The reign of terror continued.  Bushwhackers killed Steve Staats from ambush near Powell Butte. Diminutive Shorty Davis, a well-liked rancher on the Crooked River disappeared mysteriously one day, never to be seen again.

Blakely began organizing a counter group called The Citizens Protective Union.  Meeting at night, the group was quickly nicknamed the “Moonshiners.” Their mission in the beginning was simply to observe the movements of the nightriders.  The “Moonshiners” became an early warning system, thwarting the moves of the vigilantes against defenseless ranchers and settlers.

It was the death of the Mogan brothers that finally united the Ochoco against the vigilantes.

On June 7, 1882, Mike Mogan was confronted in Burmeister’s Saloon by 17-year-old J.M. “Mossy” Barnes.  Mossy was son of the local Justice of the Peace and a friend of the influential Colonel Bud Thompson.

 Mossy demanded six dollars he claimed Mogan owed him.  Mogan didn’t have the money and Barnes shot him. Barnes high tailed it to hide out at Black Butte until it was safe to go back to Prineville, for a hearing that acquitted him.

Later, Mike Mogan’s brother Frank, believing the gun to have been provided by Thompson, threatened to kill the Colonel. 

Nearly a year later, Frank Mogan was gunned down by Colonel Thompson.  The Thompson version of the encounter finds Frank Mogan drawing first, not clearing his gun fast enough, and falling in a hail of bullets fired by Thompson.

But Jim Blakely, a witness to the shooting at Dick Graham’s Saloon, said Thompson shot Frank Mogan in the back of the head, then emptied his gun into Mogan’s body. 

Despite the testimony of Blakely the Grand Jury investigating the crime found “Not a true bill”.  Despite the court findings of his adventures with the vigilantes, Thompson had been receiving bad press, particularly from Portland’s Oregonian newspaper.  His brother, a local court judge, gave him simple and straightforward advice:  “Get out of town.”

But before Thompson could leave, Blakely summoned all 75 of his “Moonshiners” for a daylight ride down the main street of Prineville.  Witnesses called the sight “the ride of the Crooked River Cavalry.”  All 75 stopped in front of the vigilante’s hangout, Burmeister’s Saloon. 

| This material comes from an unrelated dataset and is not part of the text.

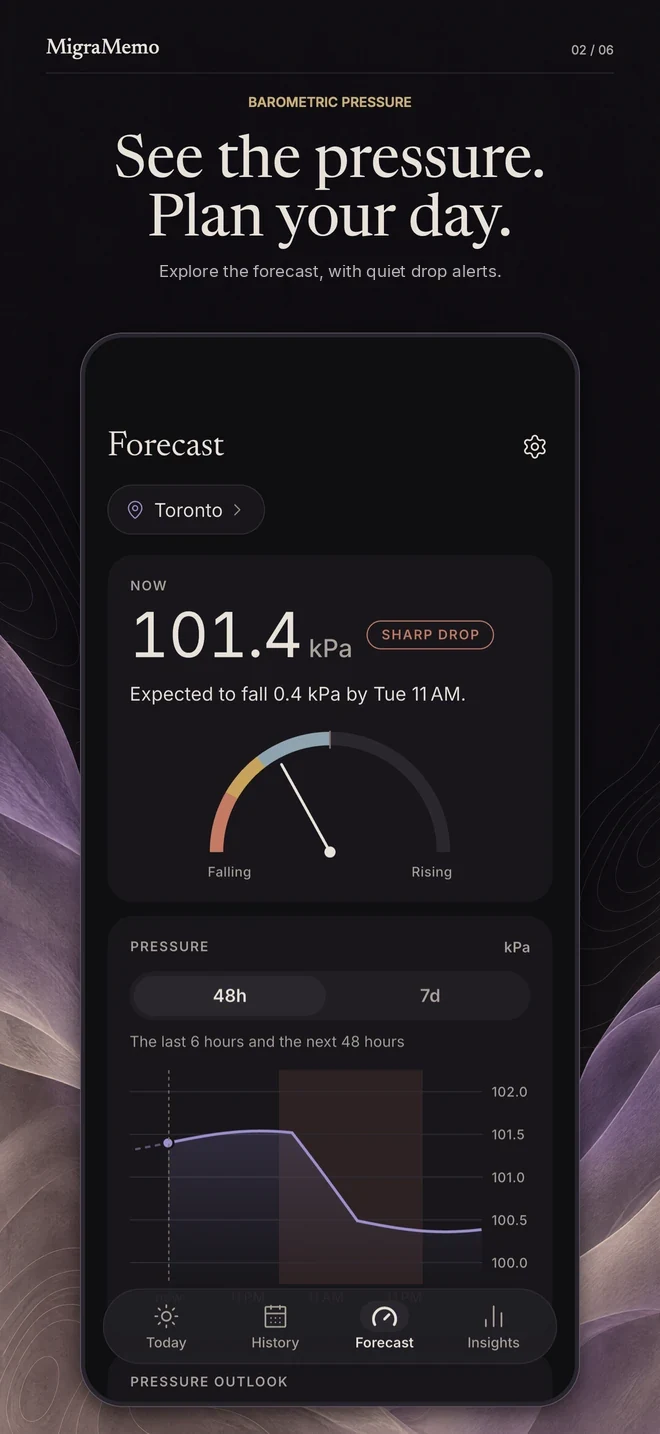 See the pressure. Plan your day. Explore the forecast, with quiet drop alerts.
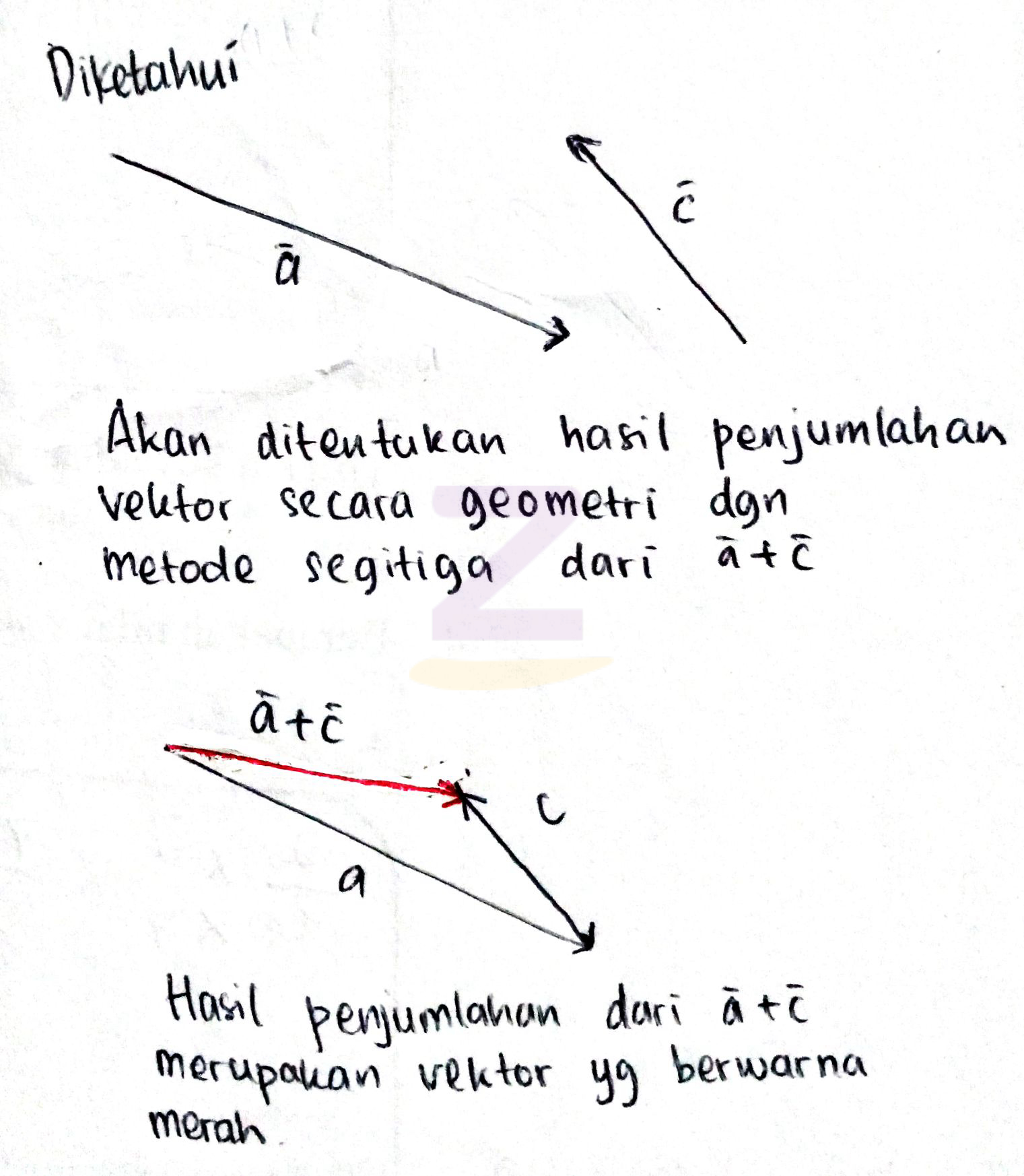 Detail Gambar Segitiga Pengurangan Vektor Nomer 24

Blakely shouted to the gunslingers inside that if there were another death in the Ochoco at the hands of the masked riders, retribution would be swift.  All of them were now known to the “Moonshiners” and each of Blakely’s riders had the name of a vigilante to execute.

No one left the Saloon to challenge the small army of determined citizen waiting outside.  By one simple act the vigilante movement was broken. 

Indian fighter and one time newspaper publisher Thompson slipped out of town quietly for California.  In Alturas he succeeded in forming another group of crime fighting vigilantes.  He died shortly after the turn of the century, victim of a gunshot wound inflicted by a “mentally deranged escapee.”

“Mossy” Barnes, despondent over his role in the death of Mike Mogan, hung himself in the attic of the family home. 

Neither Thompson nor Barnes succeeded in extinguishing the Mogan Family line.  Before his death, Frank Mogan married Mike’s widow.  Their grandson, Farley, would become Superintendent of the Oregon State Police.

Blakely was elected sheriff of Crook County in 1884, but only served two years before leaving the area for the Wallowas where his reputation followed him and he served four more years as a peace officer.  He died in 1953, more than 100 years old.